The Multiple Aerosol Collection System contains an impactor collector which permits the collection of particles on electron microscope grids for later chemical-constituent analysis. The collector consists of a two stages. In the first stage the pressure of the sample is reduced by a factor of two without loosing particles by impaction on walls. The second stage consists of a thin plate impactor which collects efficiently even at small Reynolds numbers. The system collects particles as small as 0.02 micron at WB-57 cruise altitudes. As many as 24 samples can be collected in a flight.

The FCAS II sizes particles in the approximate diameter range from 0.07 mm to 1 mm. Particles are sampled from the free stream with a near isokinetic sampler and are transported to the instrument. They are then passed through a laser beam and the light scattered by individual particles is measured. Particle size is related to the scattered light. The data reduction for the FCAS II takes into account the water which is evaporated from the particle in sampling and the effects of anisokinetic sampling (Jonsson et al., 1995).

The FCAS II and its predecessors have provided accurate aerosol size distribution measurements throughout the evolution of the volcanic cloud produced by the eruption of Mt. Pinatubo. (Wilson et al., 1993). Near co-incidences between FCAS II and SAGE II measurements show good agreement between optical extinctions calculated from FCAS size distributions and extinctions measured by SAGE II.

Accuracy: The instrument has been calibrated with monodisperse aerosol carrying a single charge. The FCAS III and the electrometer agree to within 10%. Sampling errors may increase the uncertainty but a variety of comparisons suggests that total uncertainties in aerosol surface are near 30% (Jonsson, et al., 1995).

Precision: The precision equals 1/ÖN where N is the number of particles counted. In many instances the precision on concentration measurements may reach 7% for 0.1 Hz data. If better precision is desired, it is necessary only to accumulate over longer time intervals.

Response Time: Data are processed at 0.1 Hz. However, the response time depends upon the precision required to detect the change in question. Small changes may require longer times to detect. Plume measurements may be processed with 1 s resolution.

Weight: Approximately 50 lbs.

CIP obtains cloud particle images using a 64-element photodiode array probe to generate 2-Dimensional images of particles from 25-1550 μm, as well as sizing in 1-Dimensional histogram form, and includes housekeeping data.

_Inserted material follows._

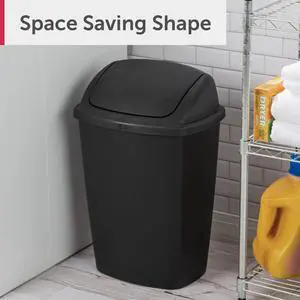 Sterilite 7.5 Gallon Plastic Kitchen Trash Can, Black Garbage Bin with SwingTop Lid, Waste Basket for Home, Kitchen & Office Sterilite 7.5 Gallon Plastic Kitchen Trash Can, Black Garbage Bin with SwingTop Lid, Waste Basket for Home, Kitchen & Office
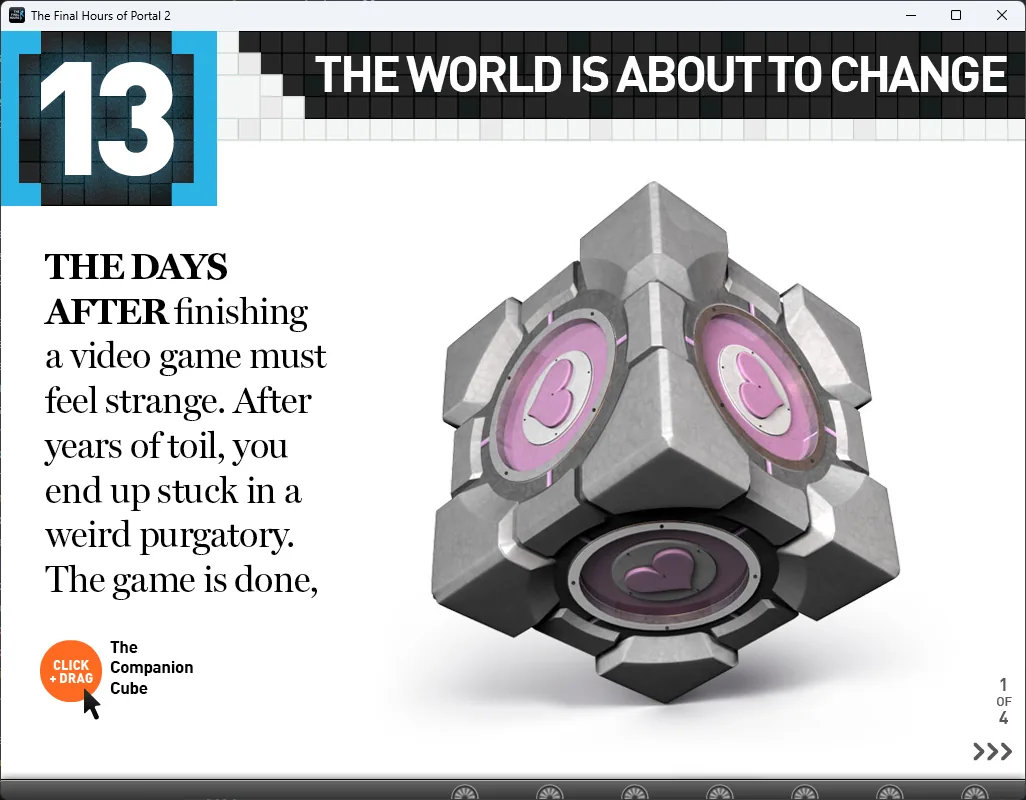 The restored interactive 3D Companion Cube visualization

The CAPS is a combination probe designed around the newest technologies and the experience gained with over 20 years of using similar probes. It meets the goals of measuring a large range of particle sizes--0.5μm to 1.55mm--with one probe, thus minimizing space, cable connections, and data systems necessary for measurement of this range. Today's technology also provides the CAPS the processing power necessary to perform at speeds up to 200m/s. An intuitive graphical user interface, the Particle Analysis and Collection System (PACS), at the host computer, provides simple but powerful control of measurement parameters, while simultaneously displaying on-the-fly size distributions and derived parameters. All data interfaces are done via line drivers meeting the RS-422 electrical specification, allowing cable lengths of up to 100 meters--an improvement over RS-232 lines capable of only 15-meter cable lengths.

This multipurpose particle spectrometer includes three Droplet Measurement Technologies instruments plus temperature and relative humidity sensors that are packaged into a single, integrated measurement system. The CAPS provides the following data:

- Aerosol particle and cloud hydrometeor size distributions from 0.51 to 50 µm

- Precipitation size distributions from 25 µm to 1550 µm, or 15-930 um with optional 15-micron resolution

- Particle optical properties (refractive index)

- Particle shape assessments (discrimination between water and ice for probes with depolarization feature)

- Liquid water content from 0.01 to 3 g/m3

- Aircraft velocity

- Atmospheric temperature and pressure

This instrument replaces the older PMS/PMI FSSP-100, FSSP-300, 2D-C, 2D-P and KLWC and can be used in many applications, including weather modification, aircraft icing, hurricane and storm research, and agricultural and industrial spray characterization.